The Wheel. A ring of ice and steel turning around a moon of Saturn and home to a mining colony supplying a resource-hungry Earth. It’s a bad place to grow up.
The colony has been plagued by problems. Maybe it’s just gremlins or just bad luck. But the equipment failures and thefts of resources have been increasing, and there have been stories among the children of mysterious creatures glimpsed aboard the Wheel. Many of the younger workers refuse to go down the warren-like mines anymore. And then sixteen-year-old Phee Laws, surfing Saturn’s rings, saves an enigmatic blue box from destruction.
Aboard the Wheel, the Doctor, Jamie and Zoe find a critical situation — and they are suspected by some as the source of the sabotage. They soon find themselves caught in a mystery that goes right back to the creation of the solar system.
A mystery that could kill them all.
Although this review is spoiler-free, there is one link that you may wish to avoid.
Quite apart from the beautiful cover, there is an awful lot to enjoy here. This is the first original novel featuring a Classic series Doctor since 2005 (I don’t count Shada because it’s effectively a novelisation, albeit a good one) and it continues the trend of picking established, non-Who writers to bring us their ‘take’ on the show.
Stephen Baxter was an excellent choice and he is clearly relishing not only writing for the Second Doctor, Jamie and Zoe but also establishing his fan credentials by weaving in throwaway and not-so-throwaway moments that are guaranteed to get the fans bouncing up and down in their seats, whilst at the same time not alienating a new audience.
Baxter’s characterisations of the TARDIS team are almost entirely spot-on. He clearly adores the Second Doctor and for 99% of the time gets him absolutely on the nose. On one occasion he slips in a Hartnell-ish “my boy, hmmm?” but aside from that I couldn’t fault him. Jamie’s dialogue is given the full Target, with lots of “Dinna ye know that?” and “Och, don’t be daft”. We don’t get any “great hairy beasties” but as there aren’t any, I’ll let him off. In fact, he’s so instantly recognisable Frazer Hines practically leaps off the page at you. Zoe gets some excellent treatment here, finding herself in a time not that far from her own, witnessing the beginnings of her civilisation. She struggles to cope with a society so close to hers but not quite, and a significant portion of the story is told through her eyes.

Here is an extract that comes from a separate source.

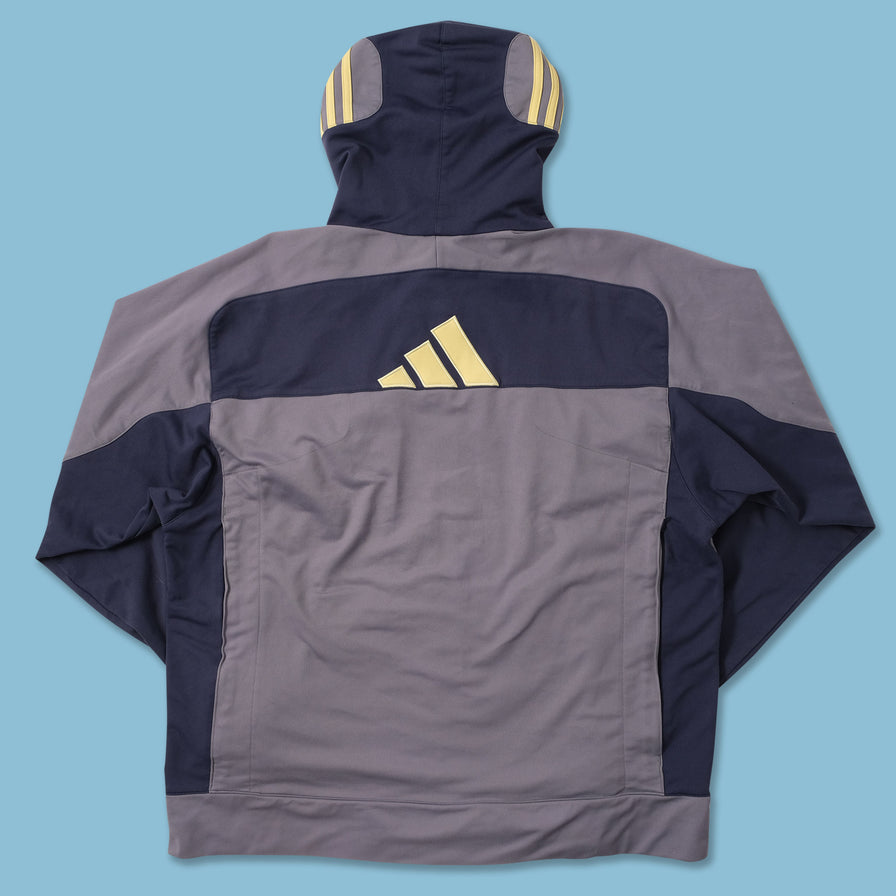 Vintage Adidas Hooded Track Jacket XLarge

The story itself is a twist on the Troughton-era base-under-seige formula and appears to be set between The Space Pirates and The War Games. Within The Wheel are the kinds of characters you would expect to find in an adventure of this type and an alien/monster/creature that, although pleasingly original, still feels like something we could have seen in 1969. In fact, Baxter has created almost the perfect Doctor Who novel: it stays true to the era in which it is set; it’s understandable for an intelligent child but not dumbed down for adults; it feels like something we could have seen on TV, even though the production designer would have had a heart attack and – most importantly – it never feels cliched or corny.
I enjoyed this book a lot and, for me, it treads a fine line that the old PDA’s always struggled with. It’s a book anyone can read and not feel left out. It works as good Doctor Who (rather than simply a good pastiche) and as a solid science-fiction tale. Highly recommended.